Two Brönsted acidic ionic liquids (1-methy-3-(3-sulfopropyl) imidazolium acetate, as mPSAc, and 1-butyl-3-(3-sulfopropyl) imidazolium acetate, as bPSAc) were synthesized for chitosan dissolution. Physical properties, including density, pH value, viscosity, Hammett acidity (H0), and Kamlet-Taft parameters (β and π*) of Brönsted acidic ionic liquids (BAILs), were studied and analyzed. The dissolution performance and regeneration properties of chitosan in BAILs were studied and compared with other ordinary ionic liquids ([Emim]Cl, [Bmim]Cl, [Amim]Cl, [Emim]Ac, [Bmim]Ac, [Amim]Ac). 1% chitosan was dissolved in two BAIL aqueous solutions (5% w/w) at 30 °C (35 min and 37 min, respectively). The regenerated chitosan was characterized by Fourier transform infrared spectroscopy (FTIR), thermogravimetric analysis (TGA), and X-ray diffraction (XRD). Molecular weight and deacetylation degree results showed that mPSAc endowed slight hydrolysis upon chitosan, only dissolution of chitosan at lower temperature.

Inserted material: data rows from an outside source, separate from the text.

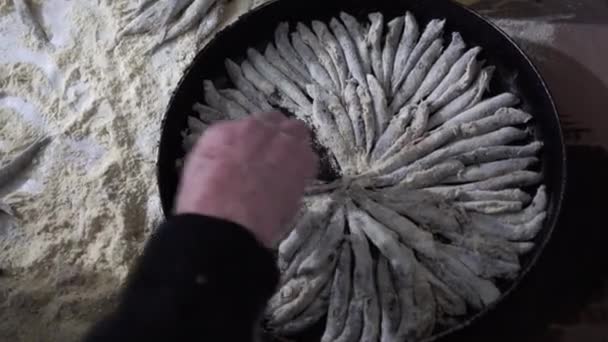 A chefs placing capelin fish on the iron pan. - Footage, Video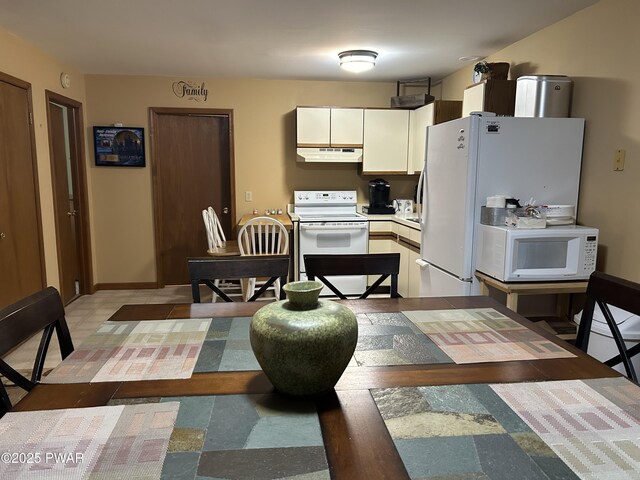 1024 Pitt Rd, Newfoundland, PA 18445 - kitchen with white appliances, under cabinet range hood, white cabinets, and light countertops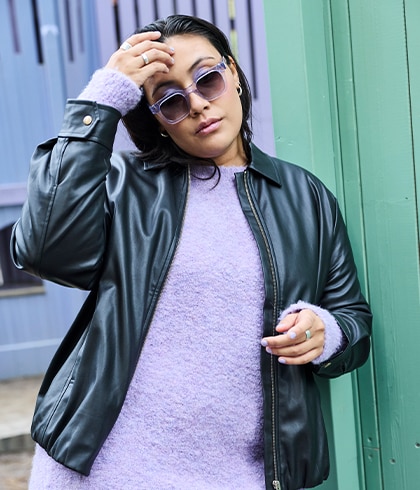 The model is wearing a black leather jacket over a purple jumper.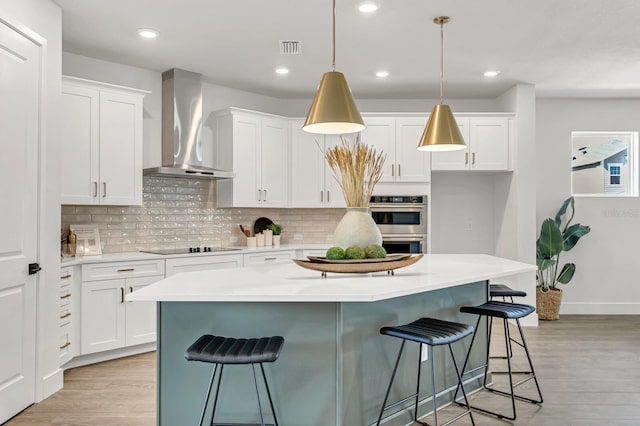 kitchen with wall chimney exhaust hood, light wood-style flooring, decorative backsplash, and recessed lighting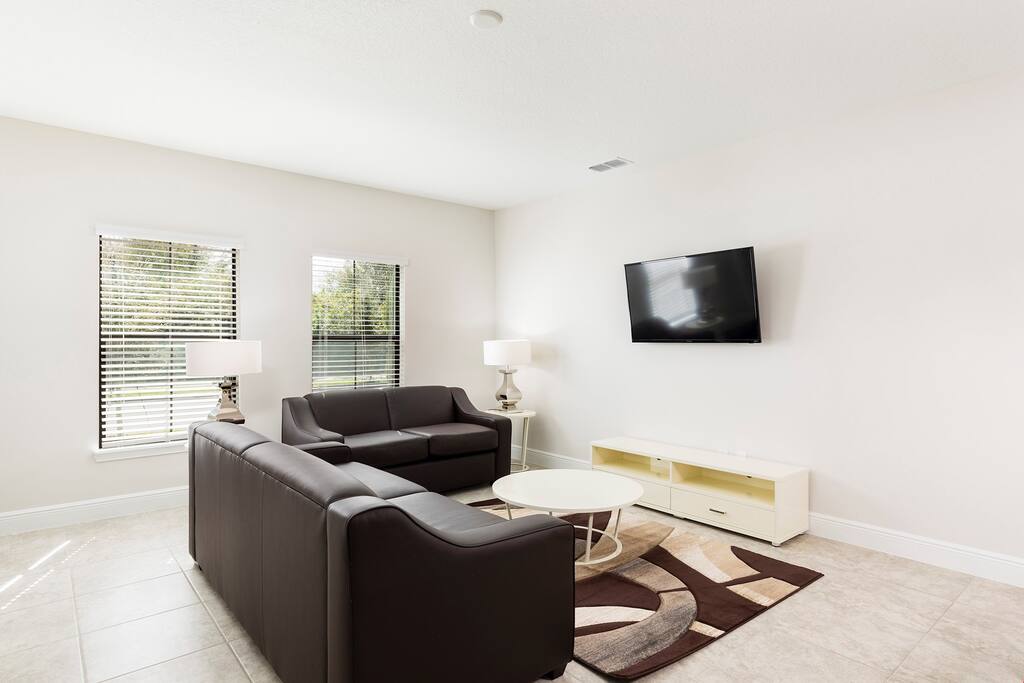 Relax in the cozy living room and catch a movie on the flatscreen TV.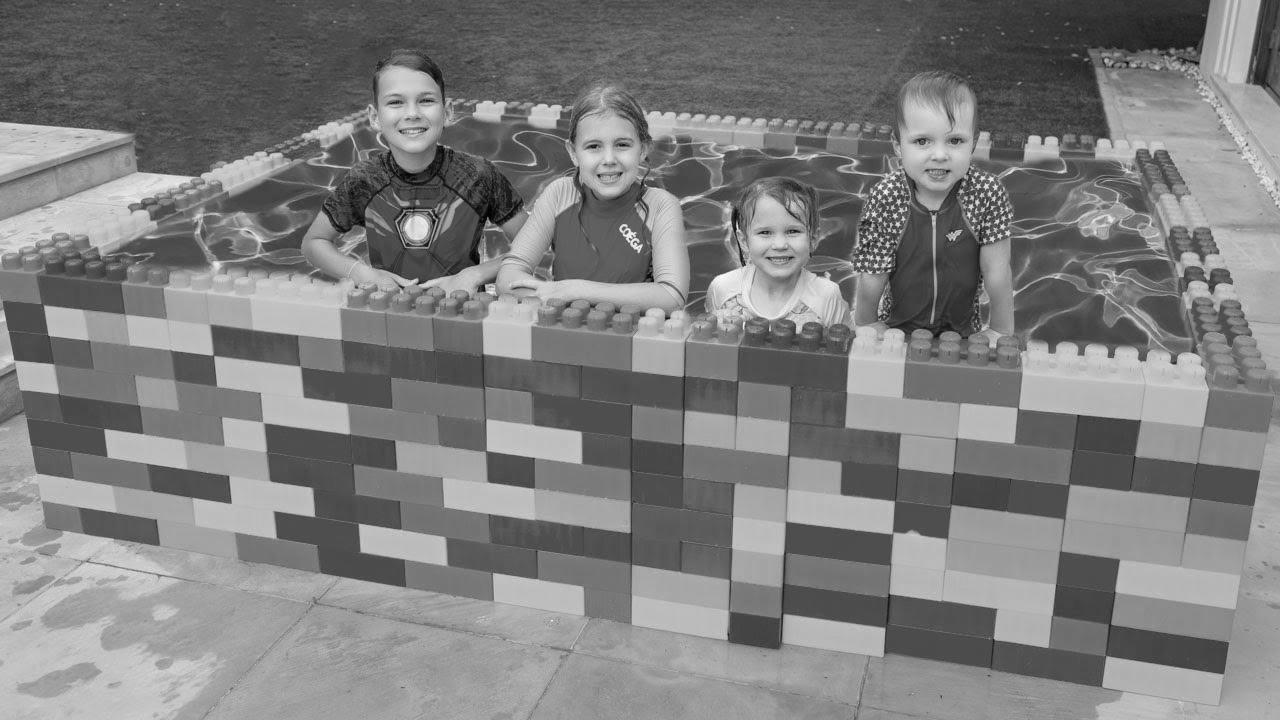 Five Children The way to Swim within the Kids Pool and Performs with Enjoyable Water Toys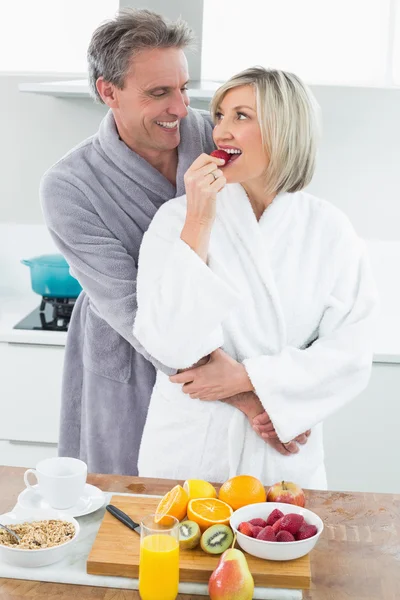 Mann umarmt Frau von hinten in Küche — Stockfoto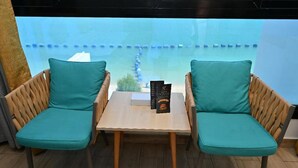 Two teal cushioned chairs with wooden legs and a small table in between, placed in front of a large window with a view of a blue sky and a distant road. - La Fontain lagoon resort  (Jeddah)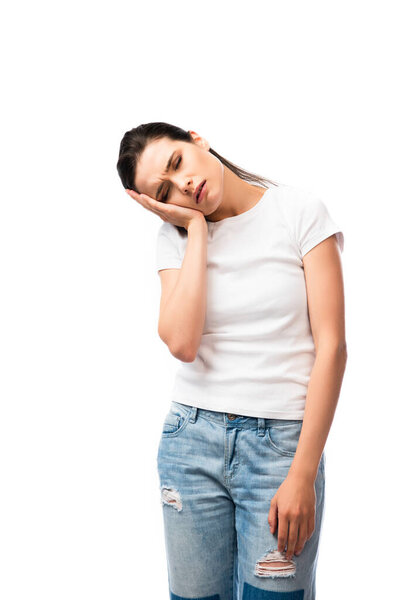 exhausted woman in white t-shirt standing isolated on white 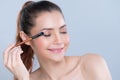 Closeup beautiful girl with flawless applying glamorous eye shadow makeup. Royalty Free Stock Photo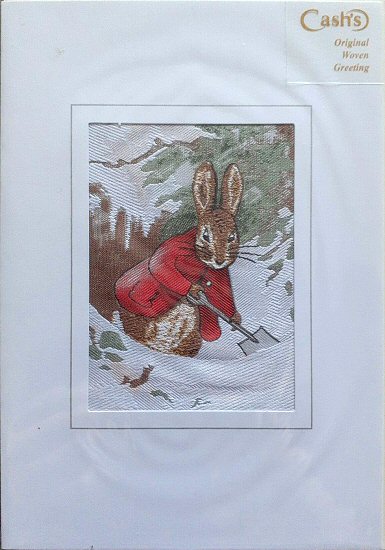 J & J Cash woven card, with no title words, but image of a Rabbit digging in the snow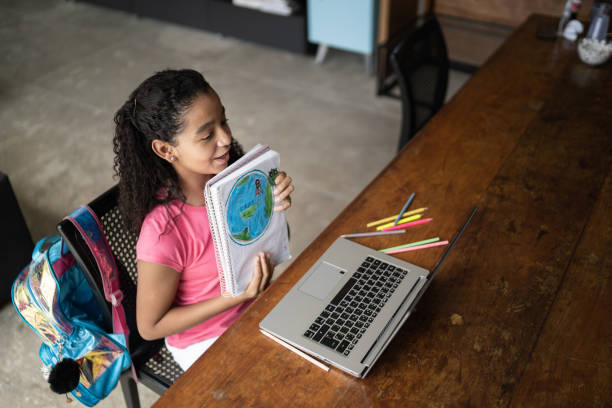 istock Dedicated student showing her planet earth drawing during video class at home 1307065855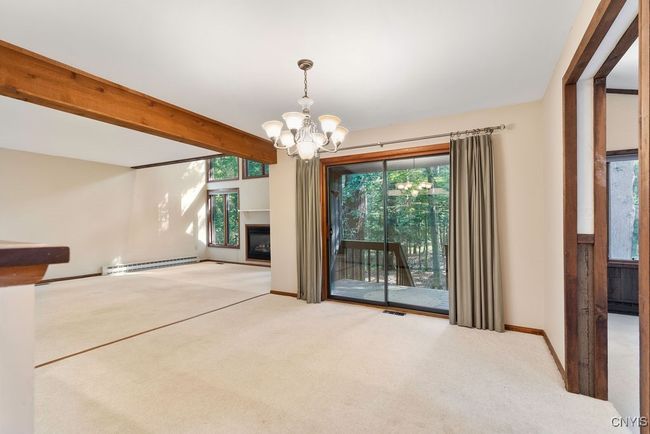 Stairs leading to second floor are just off the family room! | Image 19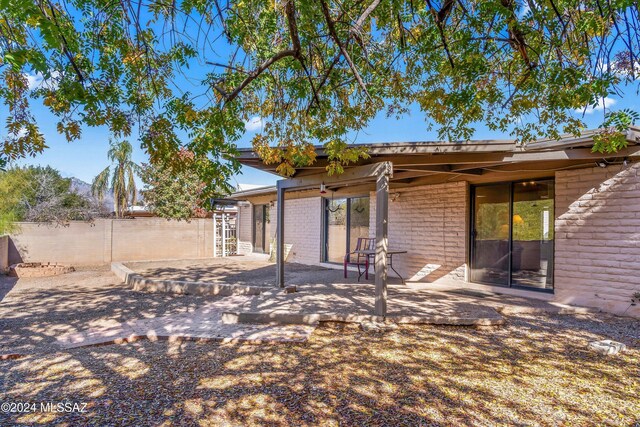 rear view of property featuring a patio area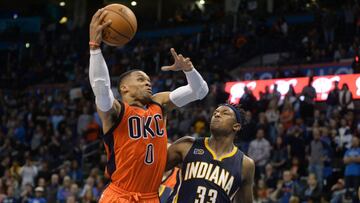 Nov 20, 2016; Oklahoma City, OK, USA; Oklahoma City Thunder guard Russell Westbrook (0) drives to the basket against Indiana Pacers center Myles Turner (33) during the fourth quarter at Chesapeake Energy Arena. Mandatory Credit: Mark D. Smith-USA TODAY Sports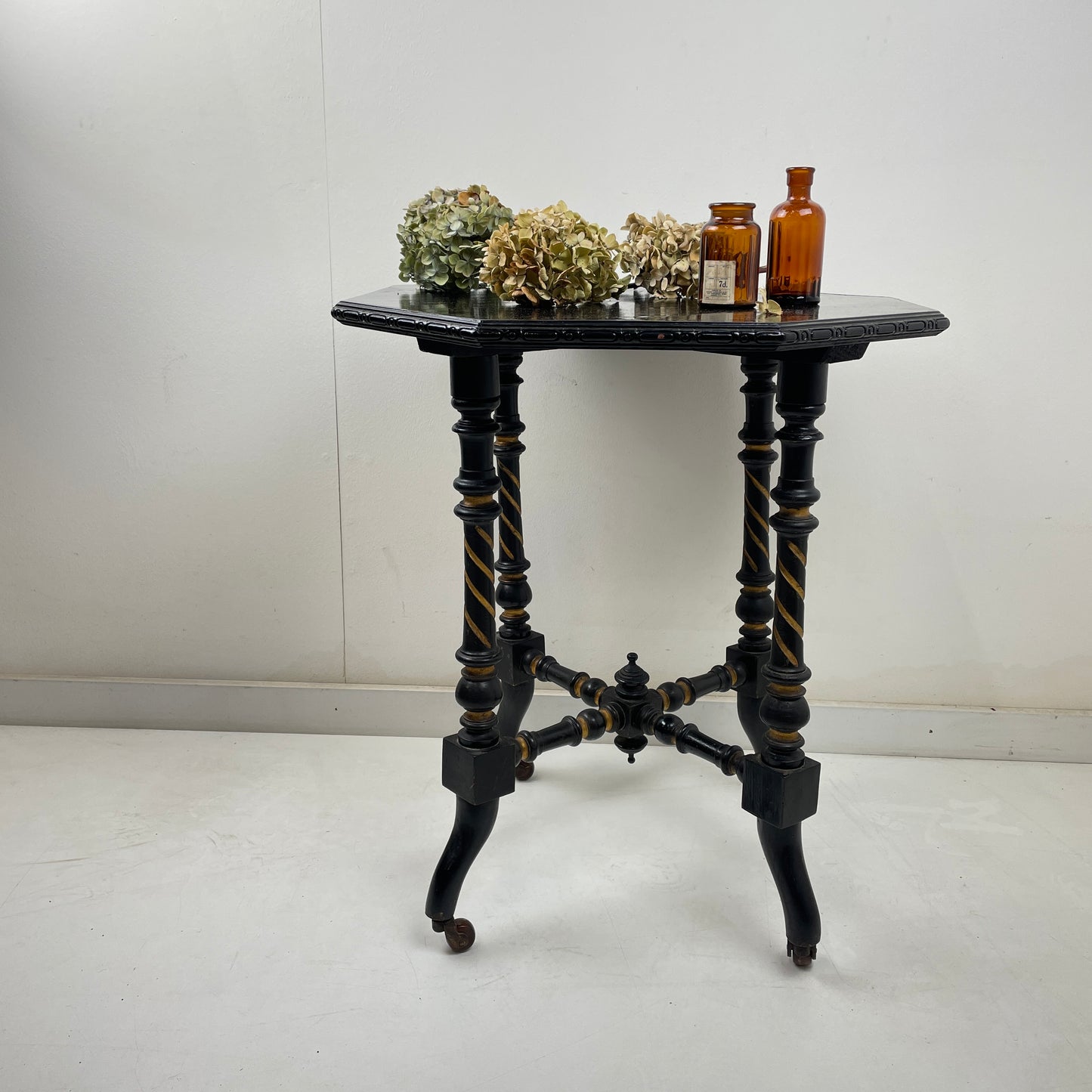EBONISED SIDE TABLE ON CASTORS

Density functional theory (DFT) simulations were performed to study the interactions between sulfopropyl imidazolium acidic ionic liquids and chitobiose. Four types of hydrogen bonds (C-H…O, O-H…O, N-H…S, N-H…O) and many strong hydrogen bonds were found in BAIL-chitobiose, suggesting strong interactions between BAILs and chitobiose. DFT simulation results indicated that the active hydrogen atom of imidazole ring, sulfonate ion and acetate ion played important roles in the chitosan dissolution process by the disruption of native hydrogen bonds of chitobiose.